Le préfet a évoqué « une milice » armée de kalachnikov, soulignant que « les jeunes (de la région) n’ont pas ce type d’armes ».

Il a assuré que la situation était « en voie de normalisation » après l’envoi de renforts.

Selon des témoignages d’habitants, des premiers troubles ont commencé lundi et ont dégénéré en affrontements intercommunautaires mardi entre Adioukrous (ethnie locale, réputée favorable à l’opposition) et Dioulas (ethnie du Nord réputée pro-pouvoir).
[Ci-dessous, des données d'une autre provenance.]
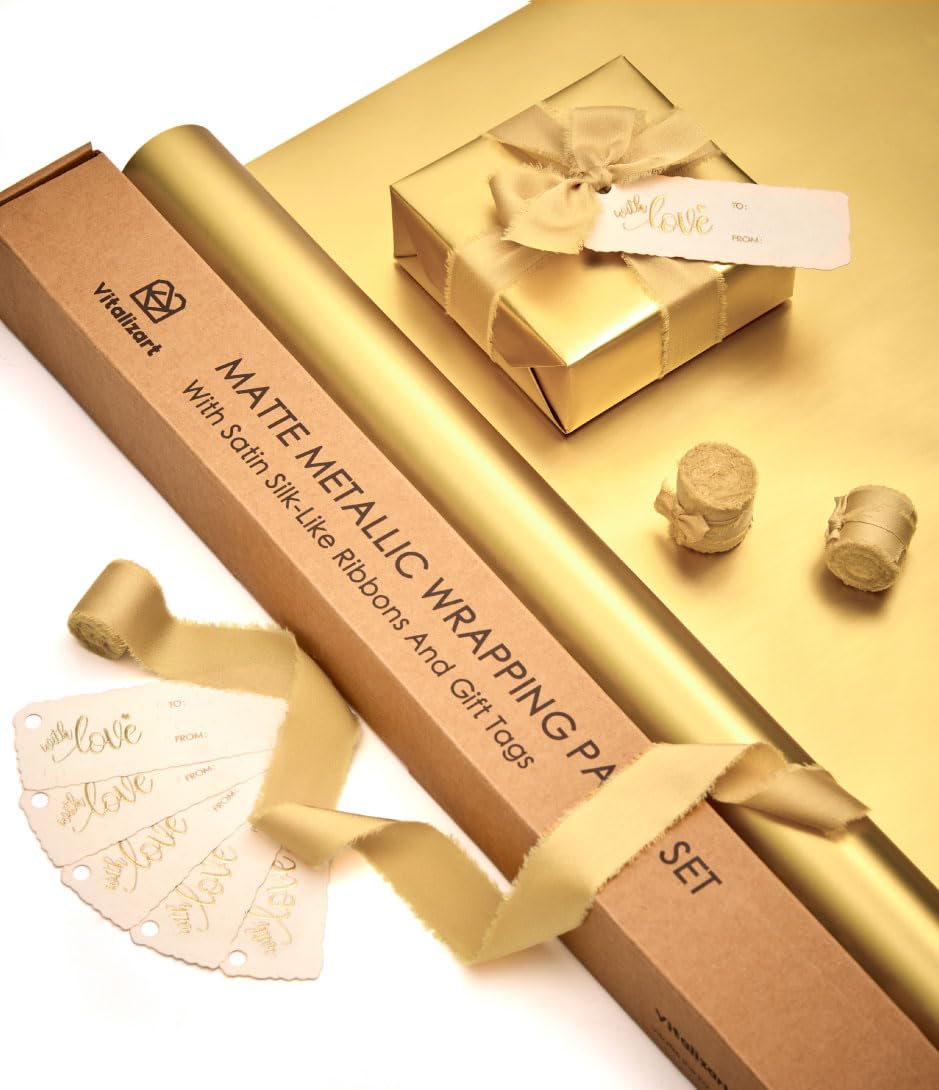 Set Di 4 Rotoli Carta Regalo Oro Con Nastri E Adesivi - 43cm X 3m Per Rotolo - Perfetta Per Compleanni, Natale, Matrimoni, Baby Shower - 2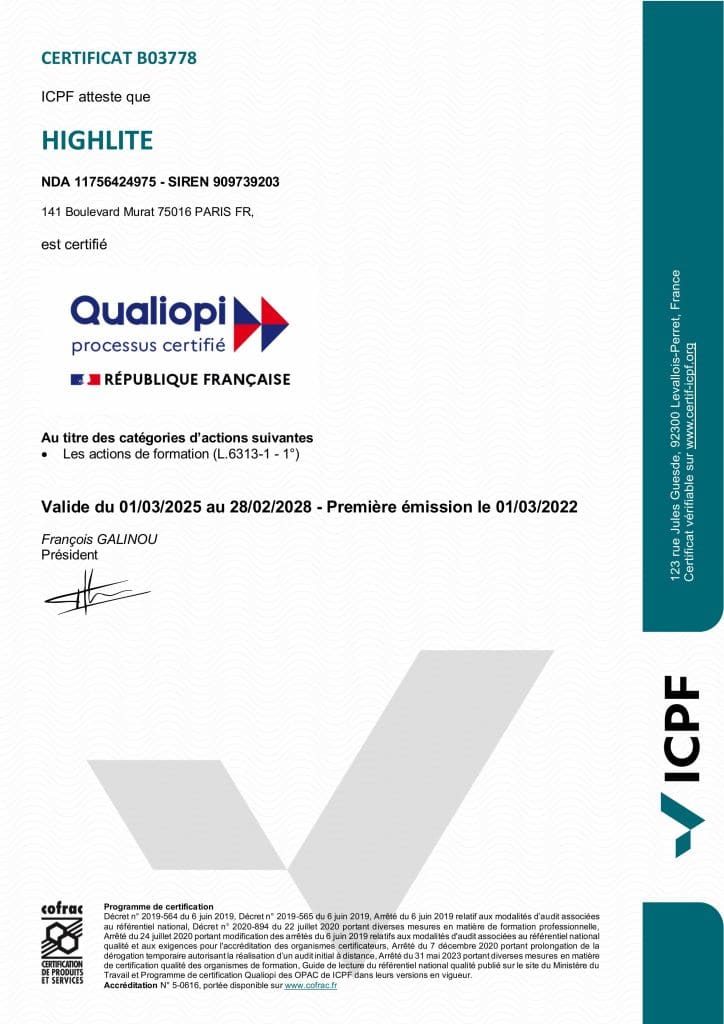 Certificat Qualiopi organisme de formation qualiopi 1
Un jeune a été tué à coups de machettes à Kpass (en périphérie de Dabou) mardi.

– « Les habitants crient vengeance » –

« Nous avons été agressés hier (mardi) par des individus armés de couteaux, machettes et de gourdins. Nous déplorons la mort d’un élève de 20 ans, tué à l’arme blanche à son domicile par les agresseurs, » a affirmé à l’AFP Gbari Kock Yed, chef du village de Kpass, qui compte un millier d’habitants.

« L’attaque a été menée par des jeunes Malinkés ou Dioulas qui ont incendié une partie de l’école du village, pillé le domicile des enseignants et brutalisé plusieurs villageois », a-t-il détaillé.

Mercredi, après une accalmie dans la matinée, « il y a eu des tirs de kalachnikov. La situation s’est aggravée avec des feux au nord et au sud de la ville », a affirmé le maire de Dabou M. Yede Niangne.

« La situation est très volatile, les autres habitants des villages environnants crient vengeance et projettent une descente musclée sur la ville. Nous avons peur, nous sommes cloués à la maison », a rapporté à l’AFP un habitant.

Les craintes de nouvelles violences meurtrières sont grandes, dix ans après la crise post-électorale de 2010-2011, née du refus du président Laurent Gbagbo de reconnaître sa défaite électorale face à Alassane Ouattara.

Survenant après une décennie de tensions qui avaient coupé le pays en deux, elle avait fait 3.000 morts.

Une vingtaine de personnes sont mortes depuis le mois d’aout dans des violences liées à la présidentielle du 31 octobre, à laquelle le président Alassane Ouattara se présente pour  un troisième mandat vivement contesté par ses opposants.

– « Coup d’Etat électoral » –

A Abidjan, l’opposition ivoirienne a estimé que la mission de médiation ouest-africaine venue à Abidjan avant la présidentielle a été un « échec » et a demandé à ses militants d’intensifier leurs actions de « désobéissance civile ».

La mission de la Communauté économique des Etats ouest-africains (Cédéao), dimanche et lundi à Abidjan, « a marqué une sorte d’impuissance face aux revendications de l’opposition et face au gouvernement (pour qu’il fasse) des concessions. La mission a été un échec », a déclaré le porte-parole de l’opposition Pascal Affi N’Guessan lors d’une conférence de presse.

« Nous réitérons notre disponibilité et notre ouverture à une négociation internationale », a poursuivi M. Affi N’Guessan, candidat à la présidentielle au nom du Front Populaire Ivoirien (FPI), évoquant une intervention de l’Union africaine et de l’ONU, et déniant au gouvernement la « légitimité » pour organiser des pourparlers.

La Cédéao avait appelé lundi le pouvoir et l’opposition à « des efforts considérables » pour apaiser la situation, invitant l’opposition à « reconsidérer sérieusement » sa « décision de boycotter l’élection », ainsi que son appel à la « désobéissance civile ».

« La désobéissance civile continue et doit s’intensifier de manière pacifique pour mettre fin au coup d’Etat électoral » du pouvoir, a répondu M. Affi N’Guessan.

Il a affirmé que lui-même et Henri Konan Bédié, le chef du Parti démocratique de Côte d’Ivoire (PDCI, principal mouvement d’opposition), maintenaient leurs candidatures à la présidentielle, tout en boycottant le processus électoral.

« Nous sommes jusqu’à preuve du contraire candidats pour qu’il y ait un processus électoral inclusif », a-t-il expliqué.